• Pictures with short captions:
:::

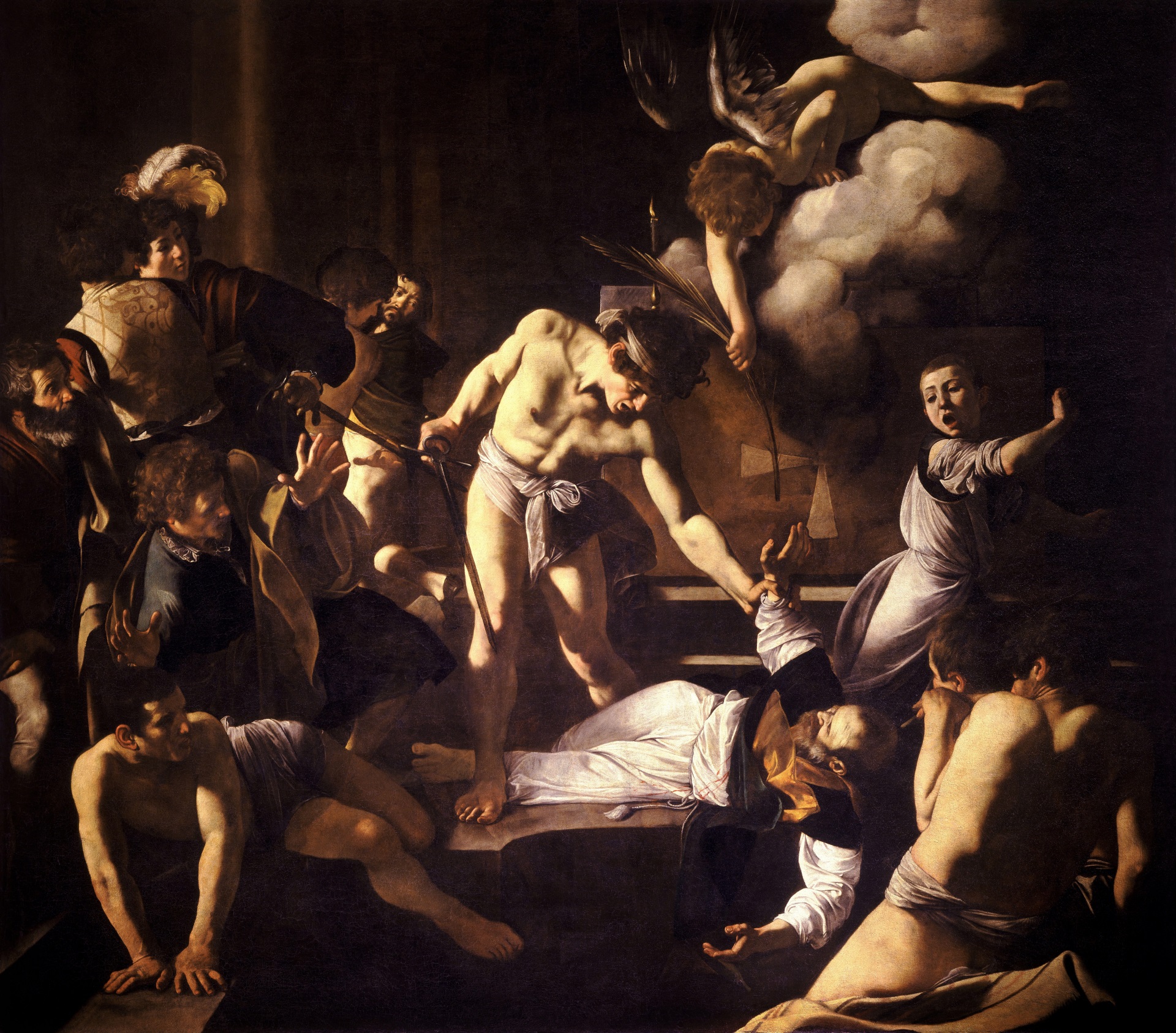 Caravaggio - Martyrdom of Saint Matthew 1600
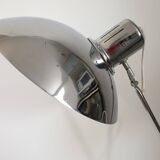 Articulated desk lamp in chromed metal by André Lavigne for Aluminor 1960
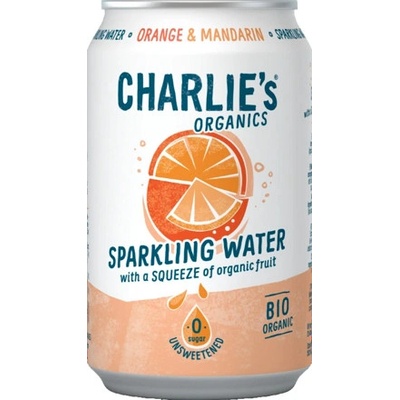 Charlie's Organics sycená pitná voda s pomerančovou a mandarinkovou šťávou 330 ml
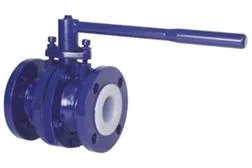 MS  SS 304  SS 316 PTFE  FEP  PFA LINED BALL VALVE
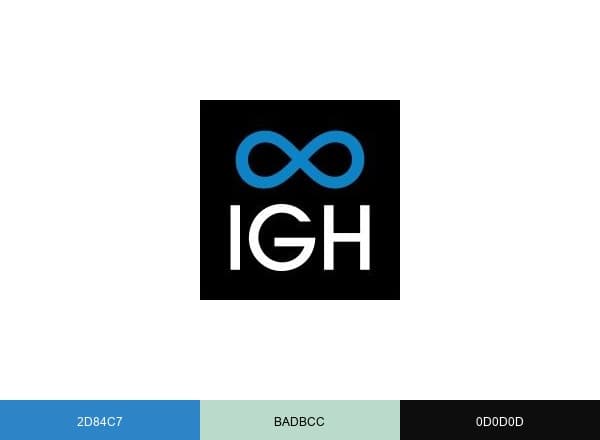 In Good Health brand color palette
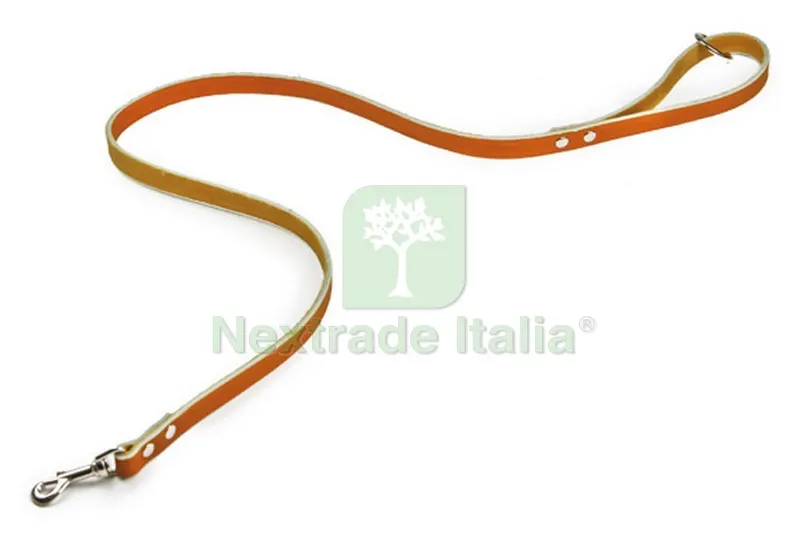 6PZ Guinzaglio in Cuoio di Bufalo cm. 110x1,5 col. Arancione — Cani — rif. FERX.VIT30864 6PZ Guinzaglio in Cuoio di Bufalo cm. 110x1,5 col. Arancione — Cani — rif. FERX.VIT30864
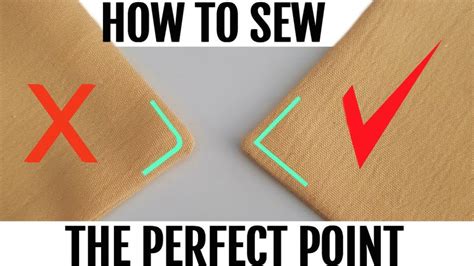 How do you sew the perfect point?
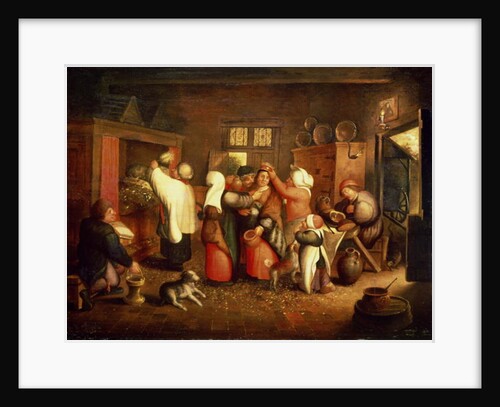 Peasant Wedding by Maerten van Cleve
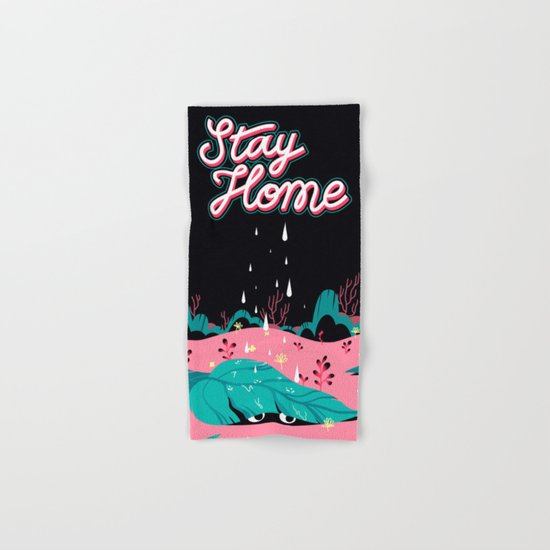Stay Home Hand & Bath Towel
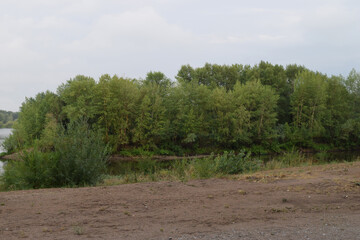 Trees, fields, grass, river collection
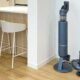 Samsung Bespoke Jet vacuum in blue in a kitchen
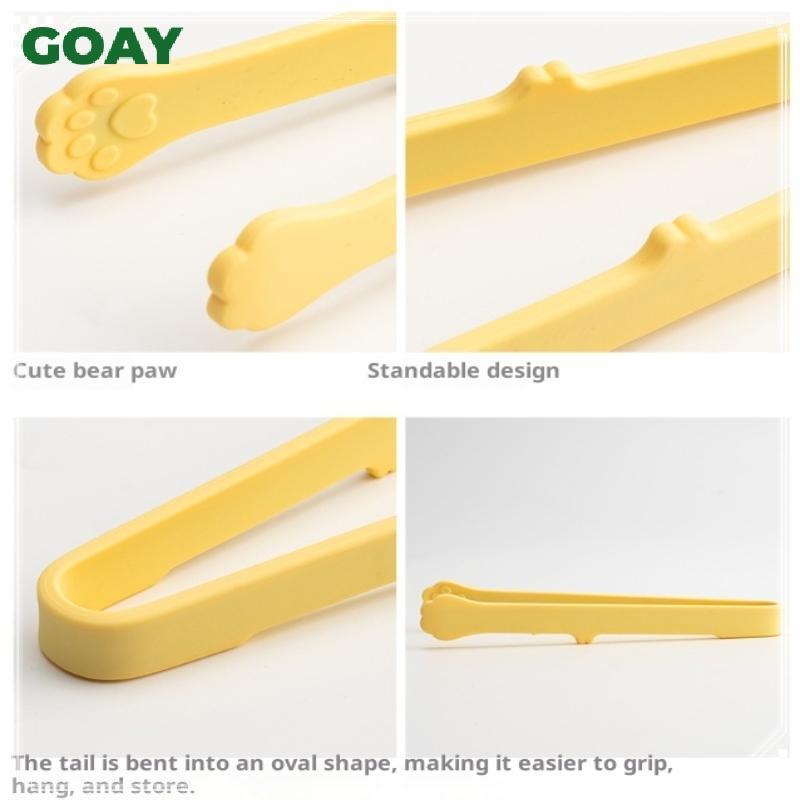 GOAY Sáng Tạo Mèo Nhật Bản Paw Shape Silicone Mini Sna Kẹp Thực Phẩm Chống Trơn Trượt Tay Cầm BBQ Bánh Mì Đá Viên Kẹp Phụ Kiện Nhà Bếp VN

:::

Your answer should hold only the lines from the line with "Stay Home Hand & Bath Towel" through the closing line of the records, restated exactly and free of pictures.

Stay Home Hand & Bath Towel
 Trees, fields, grass, river collection
 Samsung Bespoke Jet vacuum in blue in a kitchen
 GOAY Sáng Tạo Mèo Nhật Bản Paw Shape Silicone Mini Sna Kẹp Thực Phẩm Chống Trơn Trượt Tay Cầm BBQ Bánh Mì Đá Viên Kẹp Phụ Kiện Nhà Bếp VN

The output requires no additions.